Ces différents coups d’œil ont également en commun d’occasionner une réorganisation de l’attention, et par suite des activités menées, par un ancrage sensible dans le monde commun de l’espace public suite à l’audition d’une saillie sonore dans l’environnement. La réorganisation des activités [10] est généralement momentanée, le temps du coup d’œil actionné : une fois vérifiée et catégorisée la normalité des apparences de l’environnement, l’écoute musicale et la lecture (par exemple) peuvent reprendre. La réorganisation peut être plus durable, notamment si l’élément entendu conduit à une modification du trajet ; cela dit, même dans ce cas, la distribution initiale de l’attention entre les activités tend également à reprendre progressivement à l’identique, de la même manière qu’avant la saillie sonore et l’orientation sensorielle occasionnée. On est proche de la structure d’enchaînement des activités identifiée par Emanuel A. Schegloff à partir de ce qu’il appelle un body torque (1998), qui caractérise un moment où un individu est engagé dans plus d’une activité, et le manifeste par une orientation corporelle divergente entre celle du cou et celle de la taille. Cette structure est marquée par une succession de positions : une position de départ (home position) qui caractérise l’engagement initial dans une activité (typiquement, d’interaction verbale, pendant laquelle nous sommes généralement intégralement orientés en direction du co-locuteur) ; un body torque, c’est-à-dire l’instabilité corporelle entre deux engagements : la taille maintenue selon la position initiale, le cou dirigé vers une affordance (cf. Gibson, 1979) ; le retour à la position de départ ou l’adoption d’une nouvelle position (en fonction de l’engagement choisi).
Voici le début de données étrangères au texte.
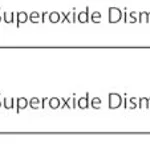 Merck SUPEROXIDE DISMUTASE, RECOMBINANT BOVINE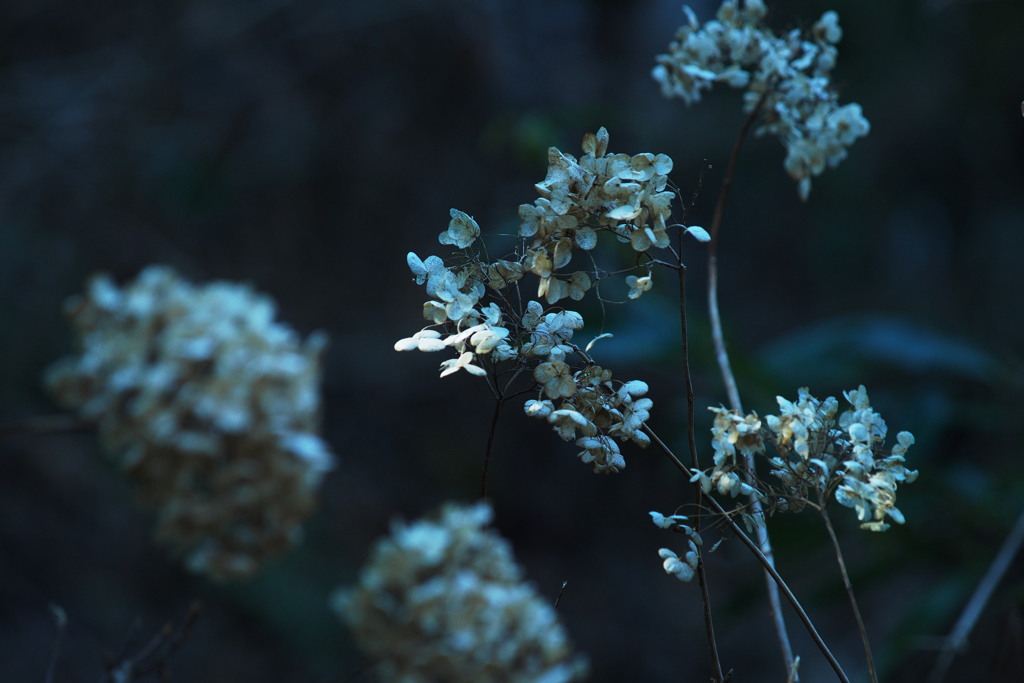 紫陽花の森にて　１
Les cas envisagés par Schegloff pour illustrer le body torque sont des interactions ; avec les auditeurs-baladeurs, il est question d’activités solitaires menées en public, dont l’une au moins (l’écoute musicale) sollicite l’attention sensorielle des agents. Cela signifie qu’avec des activités solitaires en public, la réorganisation des activités consécutive à une affordance particulière adopte une structure similaire au body torque, mais serait mieux décrite comme torsion sensorielle. Elle se distingue : 1. par une position de départ, à savoir l’engagement dans une activité solitaire en public. Avec l’écoute musicale mobile, cet engagement est présumé par les co-présents du fait du port des oreillettes, ou observable, par exemple par la réalisation de gestes en phase avec la musique (hochement de tête, de pied(s), doigt(s) ou main(s) qui battent la mesure, etc.). 2. Un événement (ici auditif) dans l’environnement sollicite l’attention, et occasionne une instabilité dans les engagements sensoriels, entre l’écoute initiale de la musique et l’attention à l’événement auditif. C’est la torsion sensorielle proprement dite, qui se traduit souvent, mais pas toujours, par des mouvements corporels : arrêt des gestes en phase avec le rythme de la musique, coup d’œil en direction de l’origine supposée de l’événement auditif, retrait d’oreillette(s) pour entendre plus distinctement les sons, etc. Ce sont ces mouvements corporels qui rendent la torsion descriptible par l’observateur, et/ou abordable avec les agents lors des « pauses-entretiens » dans les trajets. 3. Suivant le résultat de cette première orientation sensorielle en direction de l’événement sonore dans l’environnement, l’individu engagé dans une activité solitaire en public soit s’y replonge, soit la suspend au profit d’un nouvel engagement occasionné au moins en partie par l’événement : changer son trajet, se déplacer pour éviter un obstacle, entrer en conversation avec l’ami rencontré, etc.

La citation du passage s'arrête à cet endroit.